In my observation, many teams within a sufficiently large organization adopted Machine Learning(ML) in their problem domains. But they suffered huge inertia trying to move forward from initial adoption. The possible reasons are -

While the initial cost of adopting ML was well justified in terms of saving of human cost and achieving superhuman speed, similar engineering cost for incremental advancement was not well justified. Lack of ML engineering and high touch on the existing pipeline prevent the teams from rapid deployment.
Even with common business goal for the organization, teams end up creating siloed ML pipelines due to lack of common structure or common knowledge management. Such lack of discipline prevents the scientists and engineers exploring and then exploiting common knowledge built within the organization.

I argue in favor of three essential pillars within the organization that lay the foundation of rapid deployment of AI. Note that my definition of organization here is a software-driven business vertical dealing with common class of problems in a particular domain. Some examples of domain are web-search, conversational AI, e-commerce and personalization where AI plays a big role.

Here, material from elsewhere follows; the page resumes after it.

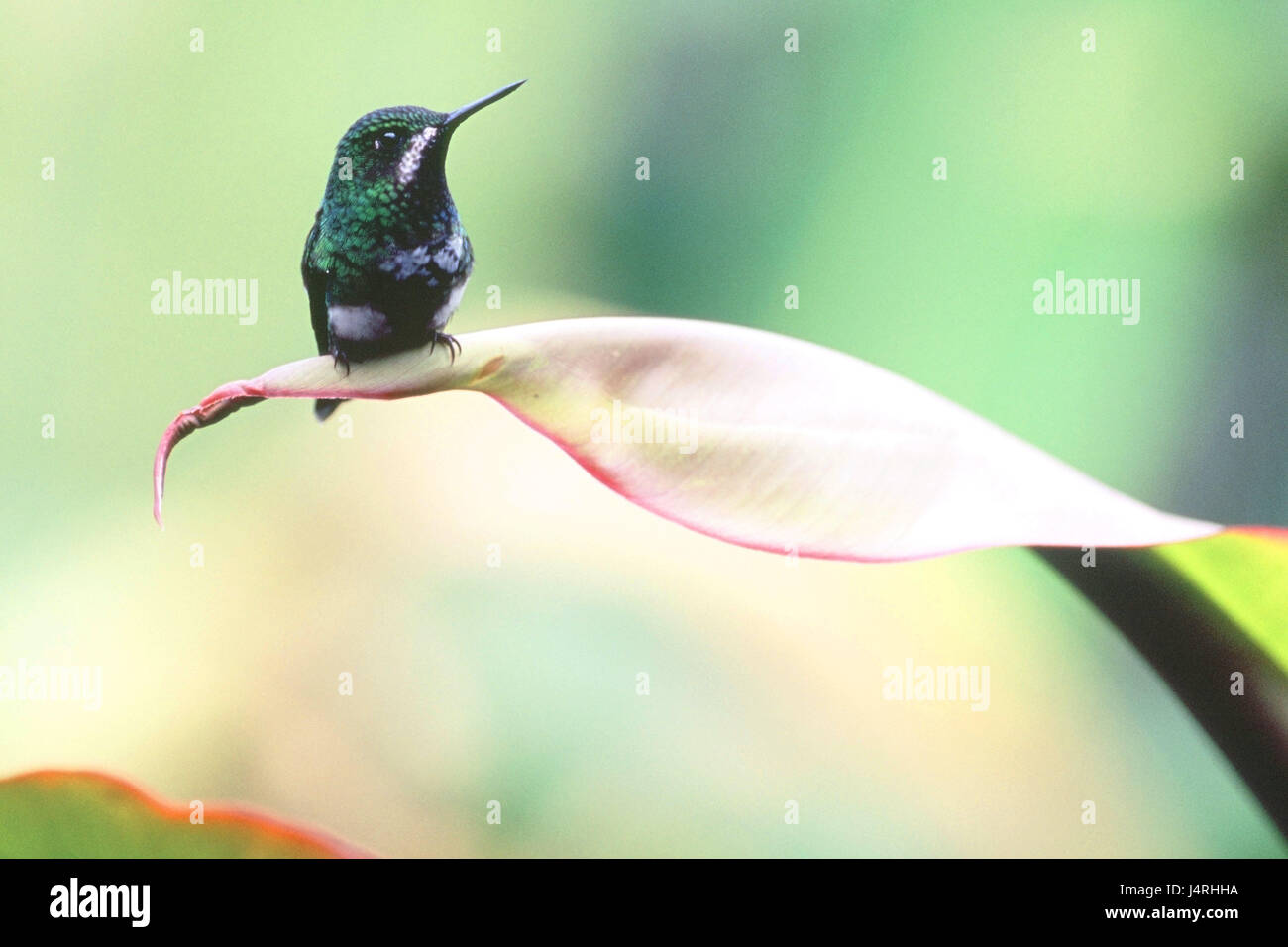 Discosura conversii, filo verde elf, Hummingbird, adulto, full-coltivati, femmine, la natura, la fauna animale, animale selvatico, bird, ave, Hummingbird, Trochilidae, vigile, vigilanza, colorate vivacemente, colorfully, graziosamente, look out attesa, a visualizzare, cercare, timido, luminosità, brillantemente, piumaggio, lungo becco, America, America Centrale, Costa Rica, Poa, foglie, siede, Foto Stock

Path To Production: Role of MLE

The path to production is fraught with challenges. The Deep Neural Network(DNN) models which came out to be the winner in controlled experiments in the lab, now got exposed to the world. Is the latency per inference requests acceptable? How many parallel requests can be served by one model instance to maximize throughput? Is it possible to bring up a shallow student model from the teacher model without losing much accuracy? Is there a framework or accelerator which makes tensor operation faster? Does different graph representation and associated runtime make way for further efficiency gain? Should conversion of tensor to NumPy give computational advantage running on CPU? Should the model architecture be represented in a single monolithic codebase or can it be represented in a more modular form, such as model cascade or ensemble? In order to answer the above questions, we need a nice blend of knowledge in software engineering as well as deep learning science. The Machine Learning Engineer(MLE) solves those puzzles to make the raw output from a lab to a finished product for the world. The role of a MLE in an AI-driven organization is critical in rapid deployment by bridging the large gap between ML science and software engineering. The lack of a MLE in the organization often yields suboptimal use of AI or a painfully slow ML pipeline, leave alone the conflict between scientists and engineers. While organization hire best ML Scientist(MLS) and Software Dev Engineer(SDE) to reap the benefit of AI, they often ignore the role of MLE who can bridge the gap between MLS and SDE.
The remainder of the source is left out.